After a long period of consideration and public input, the Public Health Service (PHS) recently revised its conflict of interest regulations, which will become effective in August 2012. These revisions will require material changes to what MSU requires investigators to report about their personal financial interests and how MSU must act in considering and managing these as possible conflicting interests.

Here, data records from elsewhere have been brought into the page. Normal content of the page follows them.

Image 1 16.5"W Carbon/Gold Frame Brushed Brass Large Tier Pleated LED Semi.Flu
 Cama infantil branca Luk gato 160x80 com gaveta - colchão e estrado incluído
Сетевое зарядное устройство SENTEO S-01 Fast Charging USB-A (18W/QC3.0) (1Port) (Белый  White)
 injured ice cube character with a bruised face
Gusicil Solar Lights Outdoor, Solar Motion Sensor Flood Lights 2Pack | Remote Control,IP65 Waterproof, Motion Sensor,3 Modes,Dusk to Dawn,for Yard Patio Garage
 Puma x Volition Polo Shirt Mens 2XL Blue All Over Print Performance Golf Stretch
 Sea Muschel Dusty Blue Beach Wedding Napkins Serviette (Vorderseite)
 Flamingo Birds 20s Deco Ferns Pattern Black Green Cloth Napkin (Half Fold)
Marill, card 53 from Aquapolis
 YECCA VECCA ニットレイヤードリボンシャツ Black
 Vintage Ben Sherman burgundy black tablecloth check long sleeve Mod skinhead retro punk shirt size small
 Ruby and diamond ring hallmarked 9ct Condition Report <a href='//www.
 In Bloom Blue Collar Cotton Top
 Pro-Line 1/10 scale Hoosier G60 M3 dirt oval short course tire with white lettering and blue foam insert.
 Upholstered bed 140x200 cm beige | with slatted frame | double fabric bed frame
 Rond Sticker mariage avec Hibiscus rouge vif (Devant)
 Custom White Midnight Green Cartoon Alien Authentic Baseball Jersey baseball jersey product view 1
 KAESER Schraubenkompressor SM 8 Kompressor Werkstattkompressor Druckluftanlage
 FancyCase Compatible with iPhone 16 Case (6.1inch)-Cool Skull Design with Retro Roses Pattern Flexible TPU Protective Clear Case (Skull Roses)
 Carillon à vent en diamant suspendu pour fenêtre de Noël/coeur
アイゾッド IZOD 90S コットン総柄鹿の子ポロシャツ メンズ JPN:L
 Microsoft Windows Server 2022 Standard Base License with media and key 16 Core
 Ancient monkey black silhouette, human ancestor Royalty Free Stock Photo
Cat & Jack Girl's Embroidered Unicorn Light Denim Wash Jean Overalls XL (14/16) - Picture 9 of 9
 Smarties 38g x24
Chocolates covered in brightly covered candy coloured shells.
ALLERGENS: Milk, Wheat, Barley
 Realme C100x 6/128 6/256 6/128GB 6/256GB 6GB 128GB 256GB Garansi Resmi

Key elements of the new PHS and ongoing MSU requirements include the following:

  • MSU must implement a new training program, and require investigators to complete it, as well as participate in updates at periodic intervals.
  • Before a proposal to the PHS can be submitted, investigators must report their personal Significant Financial Interests (SFIs) related to their institutional responsibilities as a whole that were held or received in the preceding 12 months. Personal financial interests also include the financial interests of an investigator’s spouse, dependent children, other legal dependents, and domestic partners. 
  • The threshold for determining an SFI has been reduced from $10,000 to $5,000.
  • Investigators must also report the details of any reimbursed or sponsored travel within 30 days of its occurrence (i.e., that which is paid on behalf of the investigator and not reimbursed to the Investigator by MSU, so that the exact monetary value may not be readily available).
  • Income exceeding $5,000 and each reimbursed or sponsored travel must be reported if it comes from commercial entities, foreign governments or universities, or nonprofit organizations.
  • If a reported SFI is deemed to relate to a PHS proposal, MSU must assess – prior to expenditure of any funds – whether or not the SFI constitutes a conflict of interest that could “directly and significantly affect the design, conduct, or reporting” of research. If it does, a plan to manage such financial conflict of interest must be enacted and monitored for compliance.
  • The details of all conflicts of interest must be reported to the NIH and information about them made available upon request by anyone within 5 business days.

For complete information about the new requirements, please visit the NIH Office of Extramural Affairs Financial Conflict of Interest web site.

Those of us who seek PHS or NIH funding, including support from other PHS agencies (for example, the Agency for Healthcare Research and Quality (AHRQ), Centers for Disease Control and Prevention (CDC), Food and Drug Administration (FDA), Health Resources and Services Administration (HRSA), Substance Abuse and Mental Health Services Administration (SAMHSA), and others) have an incentive to comply with the new regulations.

But more than that, MSU recognizes that its reputation is founded on public trust and has long required that conflicting interests of all types be reported for assessment and oversight. I ask your support in helping MSU to address the federal regulatory changes through academic governance. In the long run, we must all comply with these new requirements by being open and transparent about our outside activities and interests.